Denn mehr als nur die Andeutung eines Sinnes erfahren wir nicht, auch nicht wenn wir glauben unsere Bestimmung in der Welt oder gar eine ganz eigene Welt gefunden zu haben. Was bleibt ist ein fahler Beigeschmack von Depression und Sinnlosigkeit. Wir denken zu viel und doch gleichsam zu wenig, wenn man bedenkt was die Weltgeschichte an Komödien zu bieten hat.
Hat Hamlet den Sinn des Lebens entdeckt, war es Darwin oder vielleicht doch Arthur Dent?
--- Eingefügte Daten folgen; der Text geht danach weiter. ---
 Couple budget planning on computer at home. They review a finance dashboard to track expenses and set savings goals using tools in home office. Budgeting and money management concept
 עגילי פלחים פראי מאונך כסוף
Hätte man Jesus Christus oder Mahomet den Propheten fragen sollen und hätten sie eine Antwort gewusst? Möglicherweise kennt eine hawaiianische Haushälterin die Antwort, backt Kekse und lacht sich den ganzen Tag über die Hilflosigkeit der Menschheit schlapp. Irgendwann wird sie alt und nachdem sie genug gelacht hat, schreibt sie alles für die Nachwelt auf. Danach verwertet jemand das Papier wieder und möglicherweise wurden damit diese Zeilen finanziert. Möglicherweise ist unser Lebenssinn aber auch viel zu komplexer Natur, um ihn mit einem Gehirn wie dem unseren verstehen zu können. Mutierte Elefanten oder selbstreproduktive Supercomputer wären angesagt. Oder, und das muss zum wesentlichen Amusement Gottes beigetragen haben: Es gibt gar keinen Sinn. Wir könnten infolge eines kosmischen Unfalls entstanden sein oder wir sind ein Exkrement des reinen mathematischen Zufalls.
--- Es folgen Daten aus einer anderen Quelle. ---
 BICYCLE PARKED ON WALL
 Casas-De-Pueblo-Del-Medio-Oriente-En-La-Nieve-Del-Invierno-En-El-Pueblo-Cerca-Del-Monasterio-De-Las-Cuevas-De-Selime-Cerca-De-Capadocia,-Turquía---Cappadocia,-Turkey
Die fadenscheinige Antwort auf die Frage nach dem Leben, dem Universum und dem ganzen Rest ist wie ein Weltmeistertitel - nie länger als ein paar Jahre beständig. Es zerbrachen Generationen von Dickköpfen an ihr und nie war das Ergebnis endgültig. Und solang das so ist, gebe ich der Welt folgende Antwort:
Der Sinn des Lebens ist, (unleserliche Schrift) und seit nett zu euren Nachbarn.